### [How to complete this task]
Beneath this line are entries. Copy the range from the line with "メゾン・ド・プレジールI 204｜大阪府茨木市五十鈴町(賃貸マンション3LDK・2階・68.53㎡)の写真 その2" to the line with "Acne Studios Distressed", ends included, exactly; leave pictures out.

### [Data in this exercise]

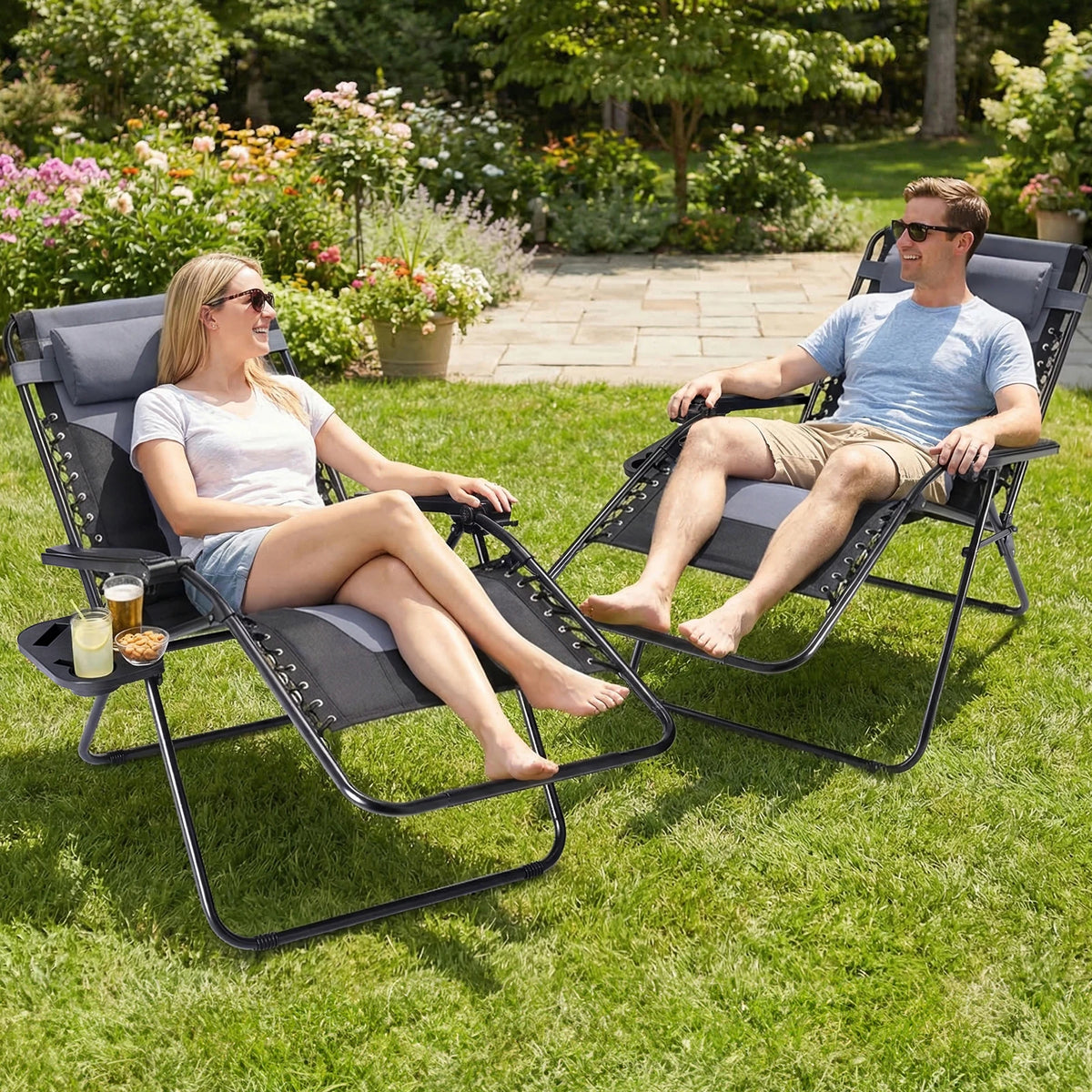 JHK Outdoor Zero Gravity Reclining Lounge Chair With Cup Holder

--

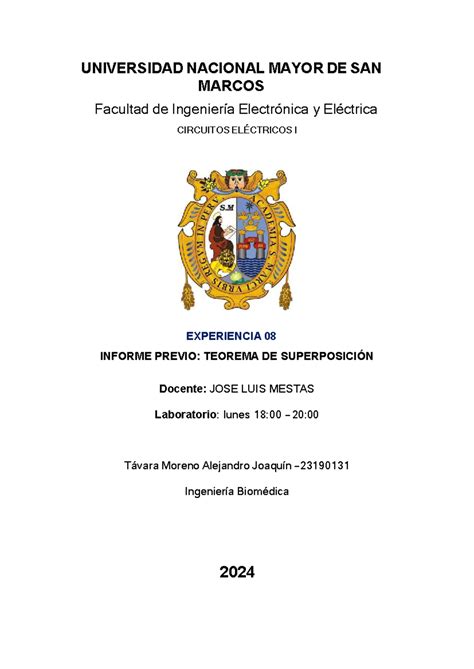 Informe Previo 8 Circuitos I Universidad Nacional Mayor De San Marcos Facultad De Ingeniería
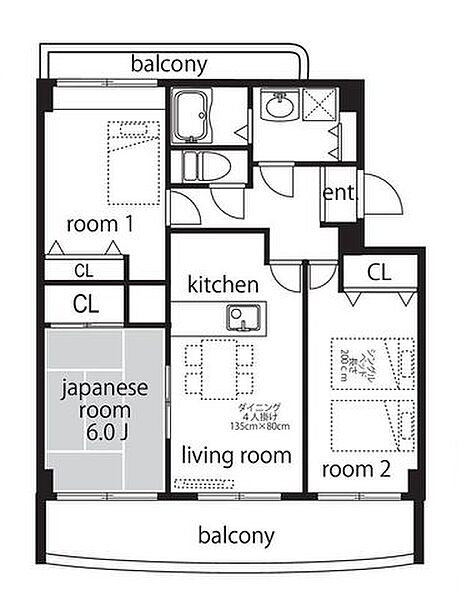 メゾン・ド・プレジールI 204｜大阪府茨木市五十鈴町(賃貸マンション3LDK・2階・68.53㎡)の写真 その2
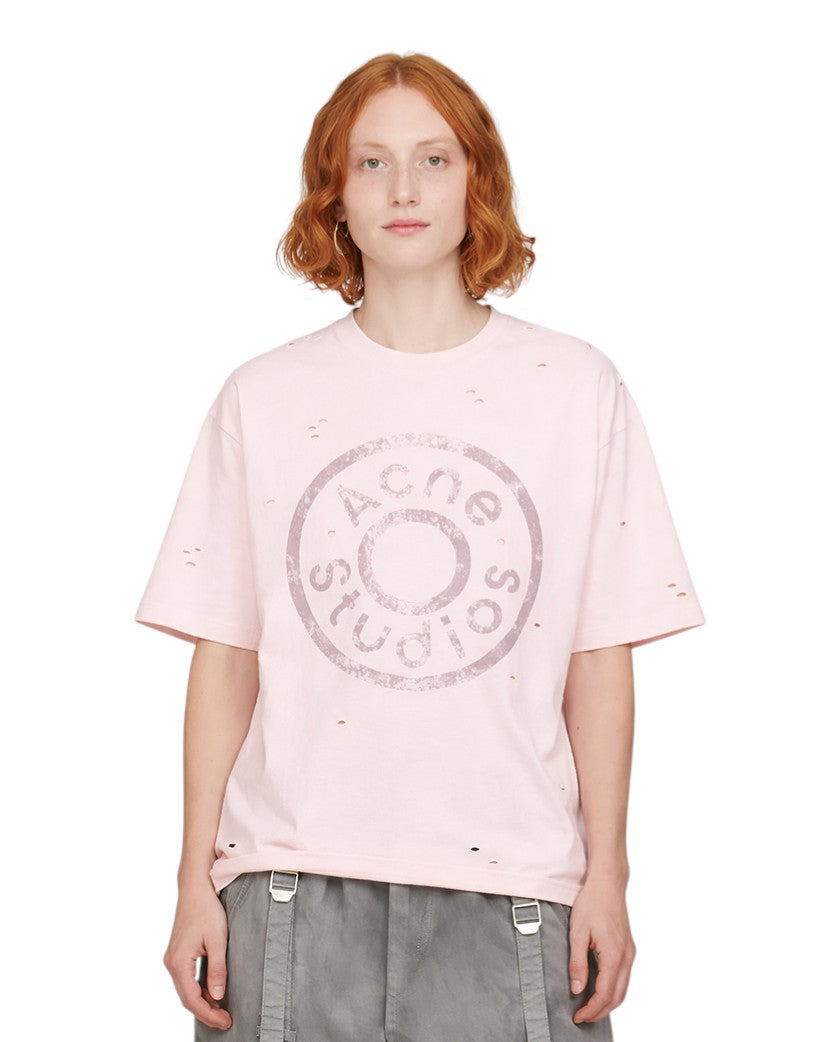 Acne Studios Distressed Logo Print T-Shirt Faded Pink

### [Written response]
 メゾン・ド・プレジールI 204｜大阪府茨木市五十鈴町(賃貸マンション3LDK・2階・68.53㎡)の写真 その2
 Acne Studios Distressed Logo Print T-Shirt Faded Pink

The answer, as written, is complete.